The lowest current average regular gas prices per gallon are $2.822 in Oklahoma and $2.825 in Texas. Oklahomans have had the lowest prices nationwide throughout the surge of gas prices this fall, AAA reports. In the spring, Oklahoma’s average gas prices were the sixth-lowest in the nation.
On Dec. 21, AAA Texas Weekend Gas watch reported that Texas’ statewide gas price average was $2.89 for a gallon of regular unleaded fuel.
By Christmas, Texans visiting the Gulf in Galveston paid $2.44 a gallon, lower than other areas near Houston, where prices averaged $2.89 a gallon.
However, gas prices in Texas are still around a dollar more than they were last Christmas. And last spring, while both states were under lockdown, average gas prices were $1.52 a gallon in Oklahoma and in the Sherman/Denison area Texans were paying around $1.17 a gallon.
As of Dec. 28, 2021, the average price for regular unleaded fuel in Texas was $2.87 a gallon, AAA Texas reports, compared to the national average of $3.28.
In November, regular gasoline retail prices averaged $3.39 a gallon nationally, the U.S. Energy Information Agency reports. That’s 10 cents a gallon more than it was in October and $1.29 a gallon more than it was last November.
November’s monthly average was the highest since September 2014, the EIA adds.
The agency forecasts that retail gasoline prices will fall to $3.01 a gallon in January and $2.88 a gallon, on average, in 2022.
Total U.S. crude oil production was an estimated at 11.7 million barrels a dayin November, the agency notes. It’s forecasting an increase to an average of 11.8 million barrels a day in 2022 and an average of 12.1 million barrels a day in the fourth quarter of 2022.
Prices at the pump are greatly impacted by the West Texas Intermediate Index, the benchmark for North America, which serves as a reference point for buyers and sellers of crude oil.
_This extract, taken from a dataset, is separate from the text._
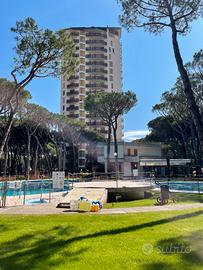 Frontevistamare piscine parco e parcheggio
They’re also impacted by U.S. EIA, API and OPEC+ reports, and a range of public policies decisions.
The WTI’s crude oil is sourced from the Permian and Delaware Basins of Texas and New Mexico, and is refined in the Gulf of Mexico and the Midwest. The point of delivery for its physical exchange and price settlement has historically been Cushing, Oklahoma, known as the “Pipeline Crossroads of the World.” But through new pipeline access the same crude is trading for export as AGS at U.S. Gulf ports.
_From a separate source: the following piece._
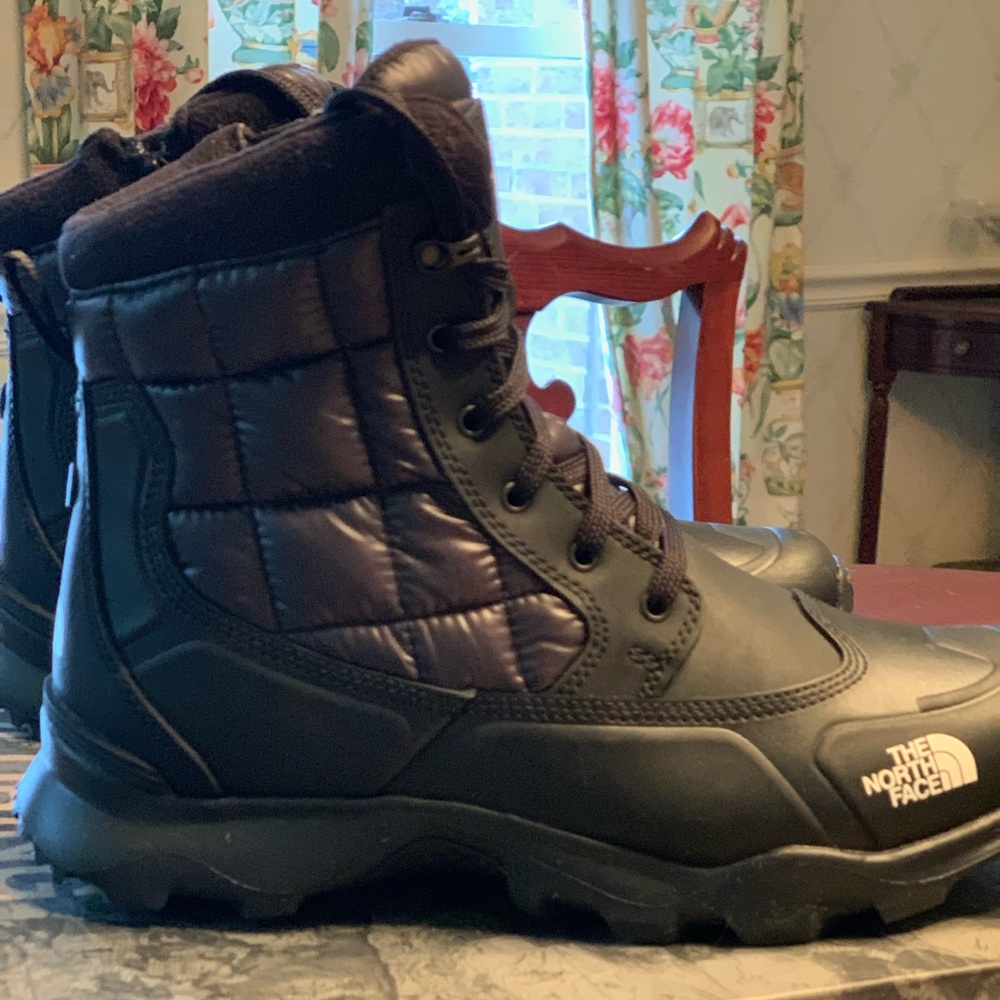 North Face Men’s Black Thermoball Boot Zipper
In 2020 and 2021, WTI production plummeted for lack of drilling and completing new wells. Adequate crude supplies provided lower prices at the pump when the WTI crude oil average per barrel was $56.99 in 2019 and even lower when its average was $39.17 a barrel in 2020 – after it hit a low of negative $40 a barrel on April 20, 2020.
Gas prices at the pump increased as the WTI reached an average $67.87 a barrel in 2021. The EIA projects the WTI average to be $66.42 a barrel in 2022; Wall Street analysts project it to be much higher.
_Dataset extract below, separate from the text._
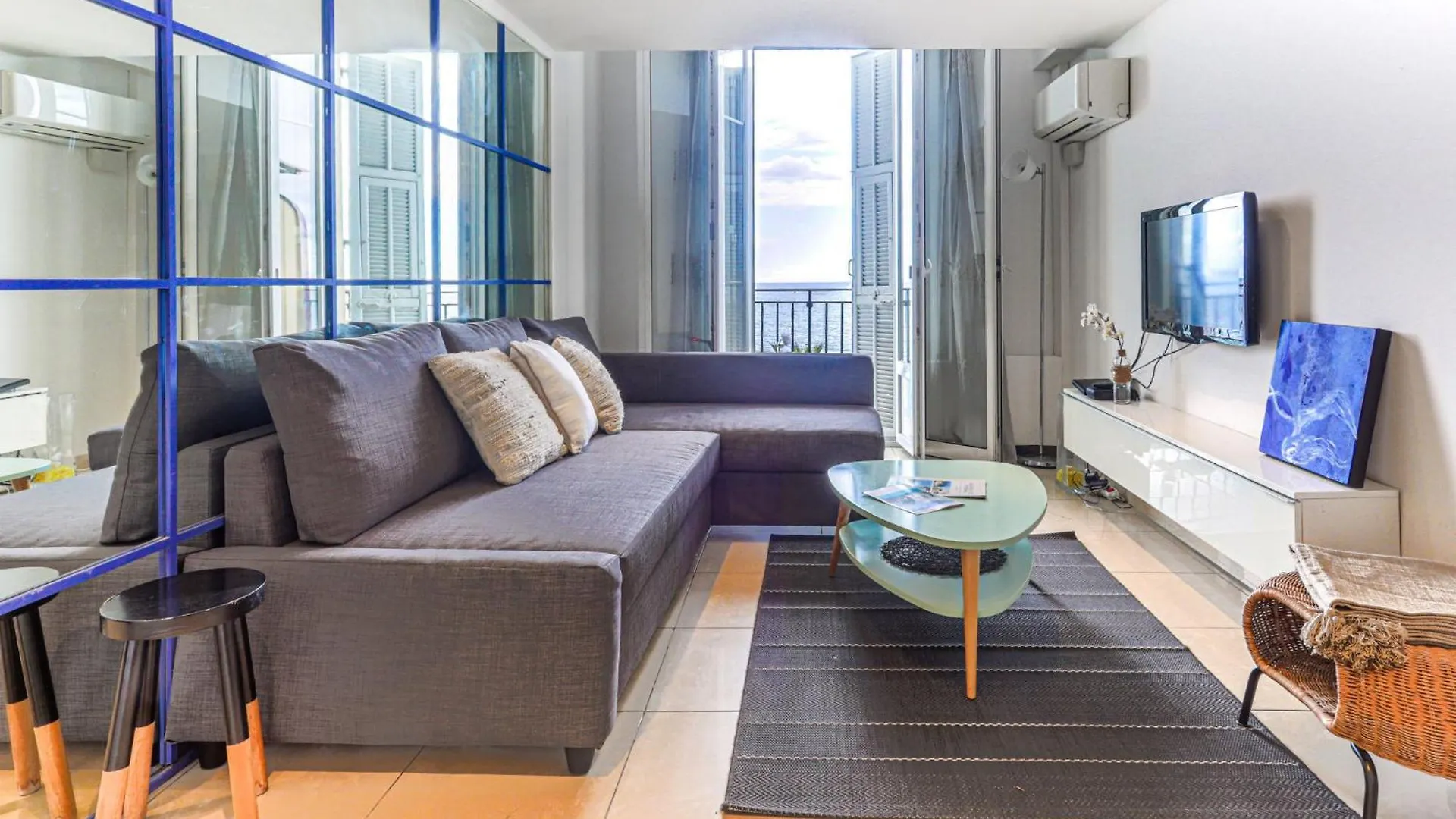 Apartment Villa M-Therese Promenade Anglais By Interhome contacts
Nationally, the average price for a regular gallon of gas was $2.60 in 2019, $2.18 in 2020, and $3.00 in 2021, the EIA reports, projecting the average to be $2.88 a gallon in 2022.
On-highway retail for diesel fuel per gallon was $3.09 in 2019, $2.56 in 2020, and $3.28 in 2021, the EIA reports, projecting the average to be $3.19 a gallon in 2022.
Following Texas and Oklahoma, 13 states have average gas prices under $3 a gallon, Gas Buddy reports. The majority of states’ average gas prices are over $3 a gallon. California and Hawaii have consistently had the highest average gas prices in the nation, in part to higher taxes, with average gas prices now over $4 a gallon.
Unlike the EIA’s projections, GasBuddy expects average gas prices to increase nationally next year to around $3.41 a gallon with a peak in May that could reach $4 a gallon. Gas Buddy analyst Patrick De Haan told CNN: “We could see a national average that flirts with, or in a worst-case scenario, potentially exceeds $4 a gallon.”
De Haan says with the WTI reaching $76 a barrel, “Expect a spike soon in the Great Lakes, which could push the national average up a few cents soon. West Coast could see some increases soon too.”